3.Granting or Denying Petition Requesting That Notice Not Be Published

“The court must issue an ex parte order granting or denying a petition requesting nonpublication and confidential record under [MCR 3.613(C)].” MCR 3.613(C)(2).

a.Petition Is Granted

When a court grants a petition for nonpublication, the court must:

issue a written order, MCR 3.613(C)(3)(a),

inform the petitioner that the court granted the petition, MCR 3.613(C)(3)(b),

inform the petitioner of the time, date, and place of the hearing to be held on the requested name change, id., and

if the subject of the petition is a minor, instruct the petitioner to notify the minor’s noncustodial parent as described in MCR 3.613(E).
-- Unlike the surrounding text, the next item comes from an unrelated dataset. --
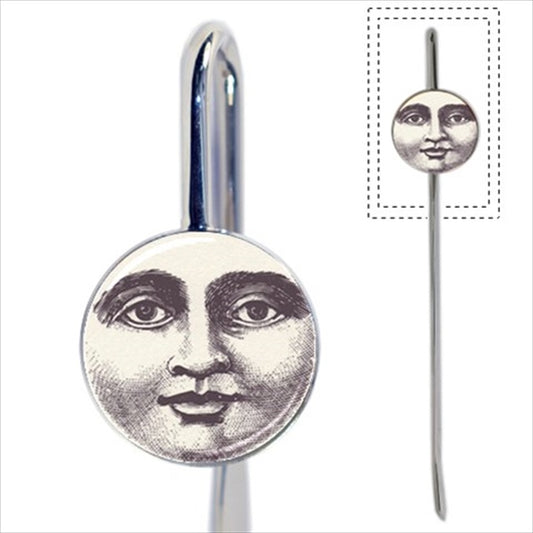 Moon Face Steampunk Art Metal Bookmark Art Bookmark Metal Bookmark Moon Steampunk Bookmark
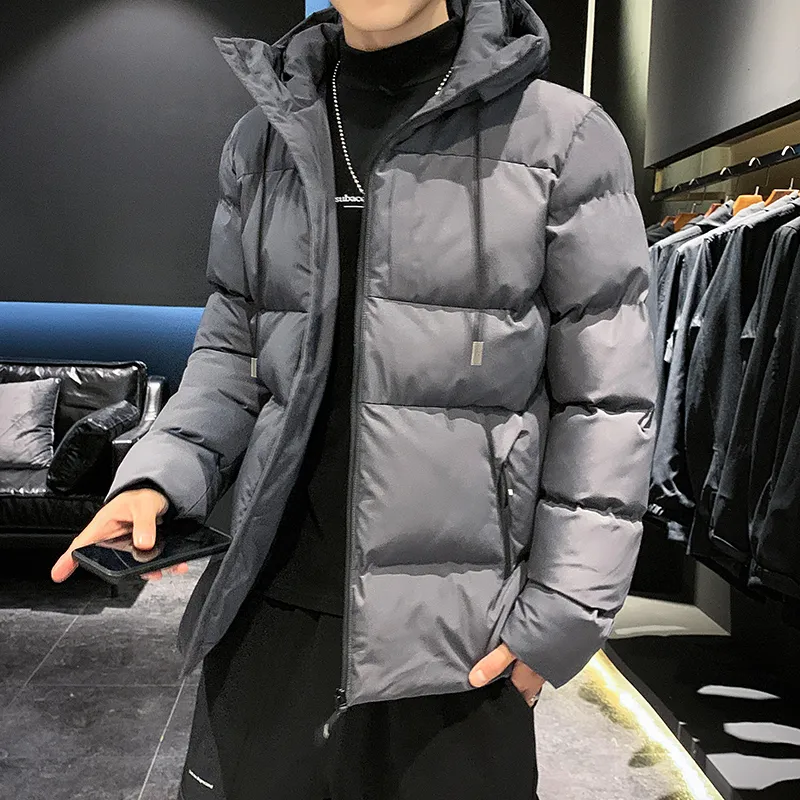 2020 Kış Parkas Ceket Erkekler Yeni Moda Casaco Masculino Rahat Streetwear Isıtıcı Kalınlaşmak Boy Fermuar Kapşonlu Ceketler Erkekler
MCR 3.613(C)(3)(c).14

If the noncustodial parent’s address or whereabouts is unknown and cannot be determined after diligent inquiry, notice given by publication under MCR 3.613(E)(2)(a), or other method that is not directed only to the noncustodial parent, must not include the minor’s existing or proposed name. MCR 3.613(C)(3)(c).

b.Petition Is Denied

When a court denies a petition for nonpublication, the court must:

issue a written order stating the reasons for denying the petition, MCR 3.613(C)(4), and

advising the petitioner of the right

—to ask for a hearing about the denial within 14 days after the order of denial was entered, MCR 3.613(C)(4)(a),

—to file a notice of dismissal, MCR 3.613(C)(4)(b), or

—to go ahead with a hearing on the name-change petition under circumstances described in MCR 3.613, MCR 3.613(C)(4)(c).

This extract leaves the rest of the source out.